This position has also been endorsed by the Kenyan courts. For instance, Justice Mumbi Ngugi while considering the constitutionality of section 29 of the Kenya Information and Communication Act (KICA) provided for the offence of the misuse of telecommunication devices noted in Geoffrey Andare[48] noted that:

‘I have considered the words used in the section. I note that there is no definition in the Act of the words used. Thus, the question arises: what amounts to a message that is ‘grossly offensive’, ‘indecent’ obscene’ or ‘menacing character’” Similarly, who determines which message causes ‘annoyance’, ‘inconvenience’, ‘needless ‘anxiety’” Since no definition is offered in the Act, the meaning of these words is left to the subjective interpretation of the Court, which means that the words are so wide and vague that their meaning will depend on the subjective interpretation of each judicial officer seized of a matter.. It is my view, therefore, that the provisions of section 29 are so vague, broad and uncertain that individuals do not know the parameters within which their communication falls, and the provisions therefore offend against the rule requiring certainty in legislation that creates criminal offences’.[49]

In the case at hand, the Petitioners were challenging various provisions of the Act inter alia Section 22, 23, 24, 27,28, and 37 of the Computer Misuse and Cybercrimes Act. The provisions created the offence of false publication, publication of false information, child pornography, cyber harassment, cybersquatting, and Wrongful distribution of obscene or intimate images. The Petitioners argued that the provisions were vague and ambiguous. For sections 22 and 23, the petitioners argued that the use of words such as information that is false, misleading or fictitious and that is calculated to create chaos and panic is vague because it is dependent on the subjective interpretation of the enforcers. The Petitioners further argued that the issue of false information and false publication was already determined in Geoffrey Andare (Supra) where Justice Mumbi (as she then was) declared section 29 of KICA as unconstitutional for being overly broad. Justice Mumbi found that ‘the words are so wide and vague that their meaning will depend on the subjective interpretation of each judicial officer seized of a matter’.

In this case, however, Justice Makau found that the language was different and that the word false is a common English name. However, a comparison between section 29 of KICA and sections 22 and 23 shows that the interpretation of these offences is left to the Police, prosecutors, and Judges.  In other words, it is for the state to determine the truthfulness of any information shared by citizens. Isn’t this the subjective interpretation that was discussed by Justice Mumbi?

Further, let us consider section 27 of the Act that creates the offence of cyber harassment. The section provides that:

‘A person who, individually or with other persons, wilfully communicates, either directly or indirectly, with another person or anyone known to that person, commits an offence, if they know or ought to know that their conduct—(a)is likely to cause those persons apprehension or fear of violence to them or damage or loss on that person’s property; (b)detrimentally affects that person’.
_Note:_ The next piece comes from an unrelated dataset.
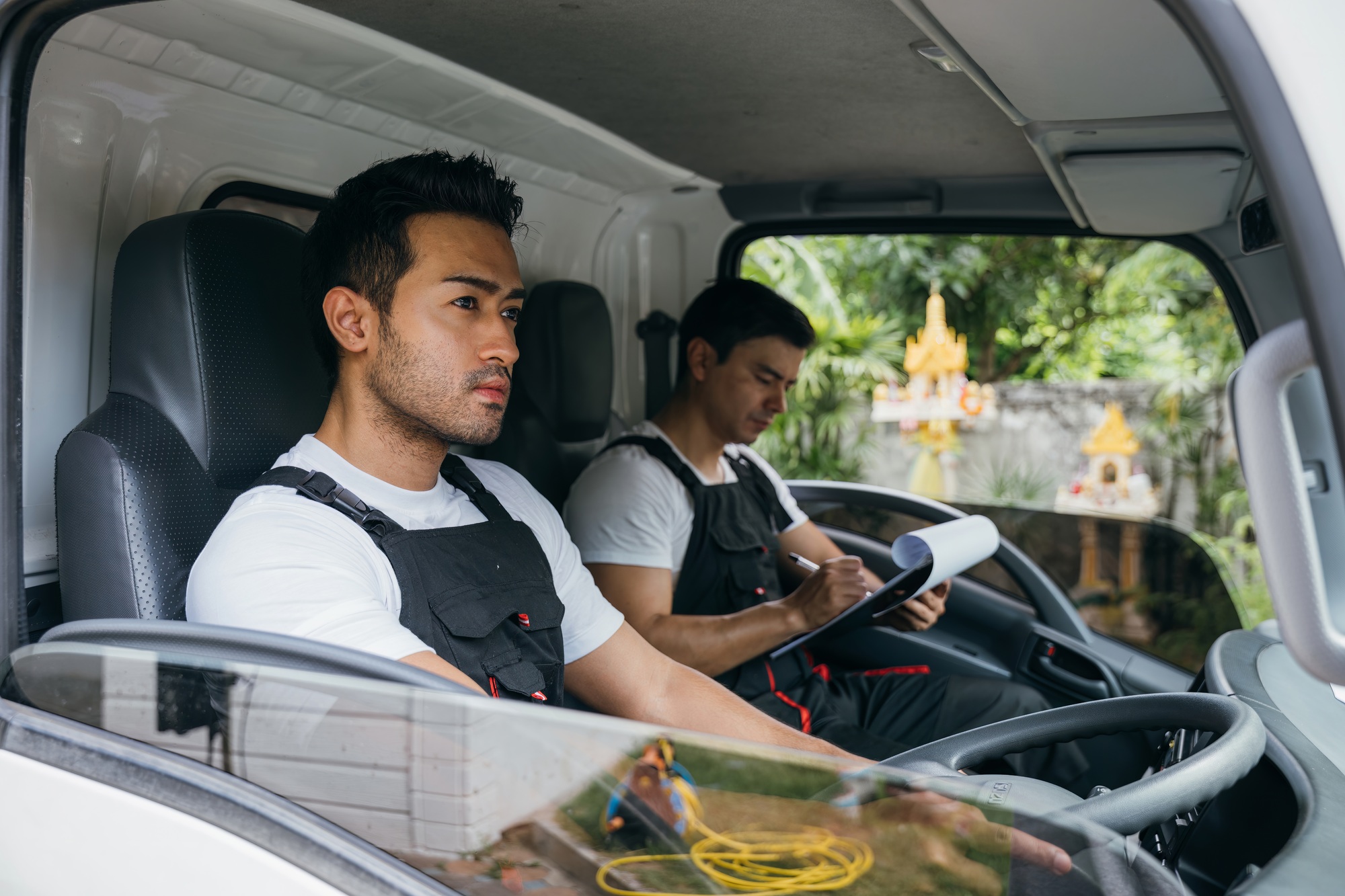 Transporting furniture, Mover workers driving truck for relocation service. Ethnicity diversity in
A statute that uses the word ‘likely’ and ‘detrimentally affects’ cannot pass constitutional muster as it leaves so much discretion to the enforcement agencies. A simple interpretation of the provision is that what amounts to cyber harassment depends on the subjective interpretation of the police and the state at large. This provision is vague and unjust and leaves large discretion which poses a potential threat to freedom of expression on the internet. In Re Ontario Film and Video Appreciation Society v. Ontario Board of Censors, while striking down a law, the Court noted that the evils of vagueness extend to situations in which unfettered discretion is granted to public authorities responsible for enforcing the law:

‘It is accepted that law cannot be vague, undefined, and totally discretionary; it must be ascertainable and understandable. Any limits placed on the freedom of expression cannot be left to the whim of an official; such limits must be articulated with some precision or they cannot be considered to be law’.[50]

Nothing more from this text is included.